Sem parar. Antropólogo do Centro Universitário Una, Wander Moreira da Costa completa que, apesar de a solidariedade ficar mais aflorada na época do Natal, ela pode ser praticada no ano todo. “Ser solidário não é dar esmola. Ser solidário é se colocar no lugar do outro e ajudá-lo, para que ele se coloque bem na sociedade, com todos os direitos e deveres. É muito importante criar dentro de nós o espírito permanente de solidariedade. Abrir os olhos para situações que nos cercam e questionar como podemos ajudar, como podemos ser úteis. Isso vai fazer bem para nós mesmos”, afirma o professor.
‘É uma forma de retribuir à comunidade’
Nascidas e criadas no aglomerado da Serra – maior favela de Minas Gerais –, que fica na região Centro-Sul de BH, as amigas Simone Silva, de 44 anos, Sandra Sawilza, de 43, e Sheyla Bacelar, de 36, se uniram em 2018 para criar a Coletiva Mulheres da Quebrada. O grupo realiza ações educativas e assistenciais para 300 moradoras locais durante todo o ano, com atividades sobre violência doméstica, atendimento psicológico, rodas de conversa, além de entrega de alimentos, absorventes e brinquedos, que aumenta no período próximo ao Natal.
Simone, Sandra e Sheyla ajudam mulheres do aglomerado da Serra, em BH. Crédito: Aline Carolina de Oliveira/divulgação
“Todas nós, fundadoras, recebemos ajuda na infância no aglomerado, com alimentos, roupas, brinquedos e também bolsas de estudos, que foram muito importantes para nós.
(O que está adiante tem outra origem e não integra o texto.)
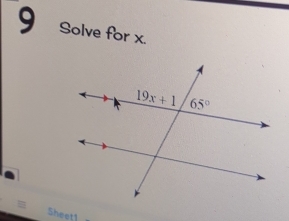 Solve for x.
Sheet1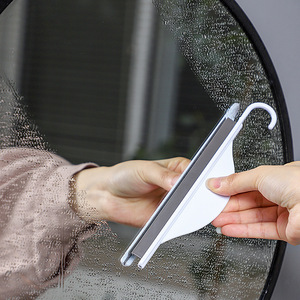 Mini Squeegee For Glass Cleaning White Plastic Double Sided Tool Bathroom Mirror Countertop Use - Product Image 1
Hoje, conseguimos ajudar porque um dia fomos ajudadas. É uma forma de retribuir à comunidade”, afirma Simone, que é produtora cultural. Sandra é administradora, e Sheyla, educadora. Ela conta que a Coletiva sobrevive de doações e, neste Natal, a meta é arrecadar frango e caixas de bombom para as famílias carentes. “A gente ouve muitos relatos de não ter algo diferente para comer no Natal”, conta Simone. Até 18 de dezembro, o grupo havia arrecadado apenas 19% do necessário.
Bom para todos. Segundo a psicóloga e pesquisadora da Universidade de Brasília Maria Simões dos Reis, estudos mostram que atos altruístas favorecem não apenas quem recebe a ação, mas também quem entrega. “Há benefícios para quem doa, promovendo bem-estar e senso de propósito; então todos saem ganhando”, destaca Maria.
“Sinto uma felicidade extrema”
Há duas semanas, Patrícia Prudencini, de 45 anos, arrecadou brinquedos e lanches e distribuiu para 48 crianças no aglomerado da Serra, na região Centro-Sul de BH. A iniciativa é comum na vida da monitora escolar, que um dia também foi ajudada por dona Nadir, hoje falecida, mas de quem ela se lembra com carinho.
Segundo Patrícia, quando ficou grávida da primeira das quatro filhas, a família vivia um momento financeiro ruim. E foi Nadir, que distribuía cestas básicas em uma igreja católica no Cafezal, uma das oito vilas do aglomerado, quem ajudou o trio por um ano. Atualmente, o marido é porteiro e todas as filhas estudam ou já se formaram.
“As coisas eram muito difíceis, o dinheiro era pouco. O tempo passou, e dentro de mim surgiu essa necessidade de ajudar como fui ajudada”, conta a monitora escolar. “Sinto uma felicidade extrema em saber que posso ajudar alguém”, destaca.